WHAT YOU HAVE TO DO
The result should be the listing below restated word for word, with images left out.

RECORD SET
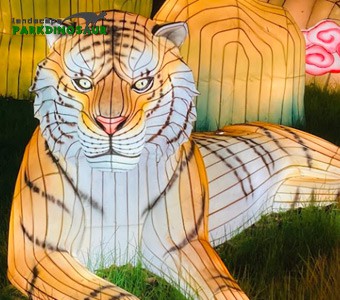 Model živalske luči v naravni velikosti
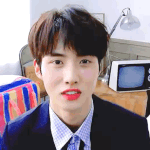 [펜타곤] 짱구는 <b>홍조</b>가 너무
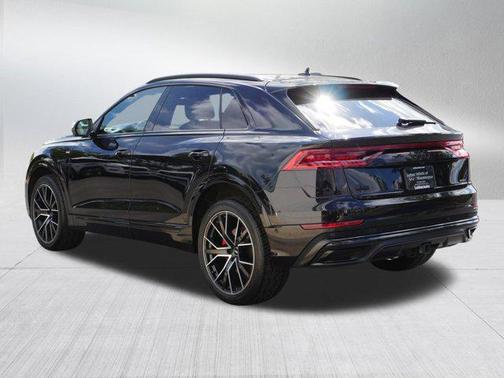 2021 Audi Q8 55 Premium Plus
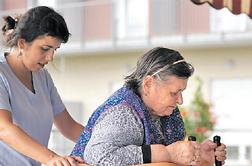 V Pomurju vzpostavljen prvi mobilni rehabilitacijski tim za starejše na domu
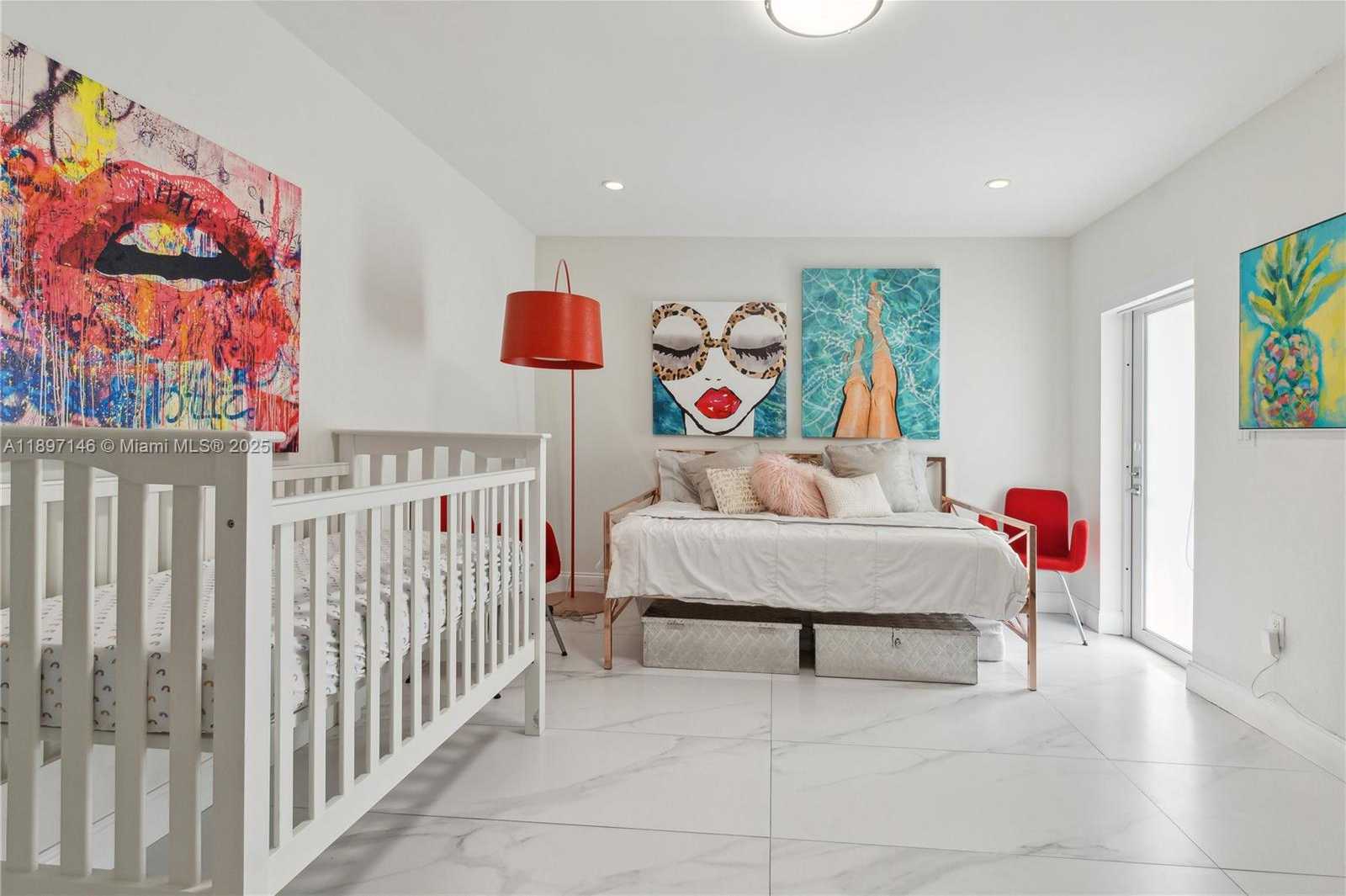 Small Image of 2240 MAGNOLIA DR, North Miami Number 24
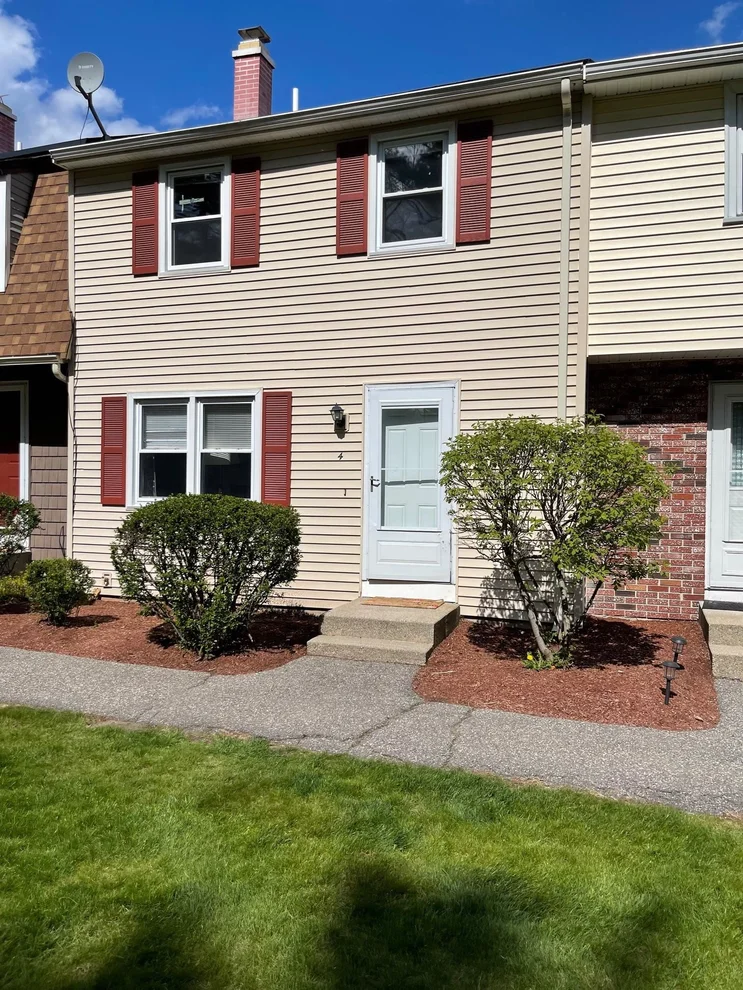 Unit for sale at 4 Stonegate, Derry, NH 03038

PROBLEM SOLUTION
 Model živalske luči v naravni velikosti
 [펜타곤] 짱구는 <b>홍조</b>가 너무
 2021 Audi Q8 55 Premium Plus
 V Pomurju vzpostavljen prvi mobilni rehabilitacijski tim za starejše na domu
 Small Image of 2240 MAGNOLIA DR, North Miami Number 24
 Unit for sale at 4 Stonegate, Derry, NH 03038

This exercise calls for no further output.